Ruti Sela and Maayan Amir
Alvin Balkind Gallery
For their first solo exhibition in Canada, the CAG presents Beyond Guilt — The Trilogy (2003–2005) a collaborative video series by Israeli artists Ruti Sela and Maayan Amir. Its currency rests in its daring and mischievous blend of sex and politics and its jumbling of subject and author.
The trilogy begins with Beyond Guilt #1 shot in the bathrooms of night clubs in Tel Aviv where the artists record themselves negotiating sexual encounters. They are the instigators off camera, but we also see them pictured, at times agreeing to hand over the filming completely. Sela and Amir seem open to, and comfortable with, performing any of the sexual propositions presented to them, frequently upping the ante. They are provocateurs as well as ready and willing participants.
The work while potentially titillating, turns at a point, where sexual evocations give way to other social and political topics. In Beyond Guilt #2, through an online chat room, the artists invited men to a hotel room where discussions of sexual preferences lead to talk of experiences in the army and the Israeli-Palestinian conflict. The men appear relaxed in speech and pose; some are naked or partially clothed and while the conversation always starts with sex, it repeatedly turns to military concerns. One visitor, while holding metal handcuffs relates his position as sergeant as being perfectly suited to his sexually dominant role play.
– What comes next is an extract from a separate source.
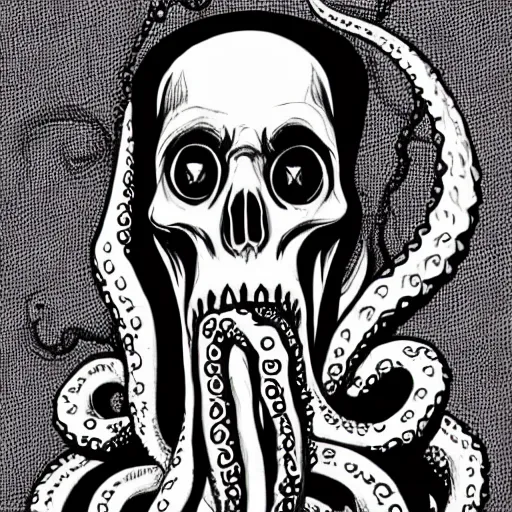 Image similar to grim reaper with tentacles growing from his face, lovecraft, fantasy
But even under these charged circumstances what is remarkable is the overall tone of ordinariness.
This mundane quality runs through the series, but is most evident in the final video for which they invited a sex worker to a hotel room, gave her their camera and asked her to document their meeting. The piece is intimate as the three women develop an understanding of each other outside of the expected financial transaction. It ends with all three lying on a bed looking listlessly into the camera or at each other.
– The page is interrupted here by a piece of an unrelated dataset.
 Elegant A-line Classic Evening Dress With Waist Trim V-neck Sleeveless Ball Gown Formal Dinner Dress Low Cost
Beyond Guilt — The Trilogy is at times difficult to watch. The artists create risky scenarios by negotiating sex in public places and inviting strangers into their hotel room. Yet, Sela and Amir have managed to anaesthetize situations that are out of the ordinary, filled with unknowns and potential risk. They capture a banality within the sensation of these sexual encounters, neutering much of the provocation. The conflation of sex and war isn’t what one would expect — a depiction of spectacle and drama. It is of the everyday and seems to represent a possible tactic for coping with life in Tel Aviv. In a nation continually at war, surrounded by violence, this seems most viable.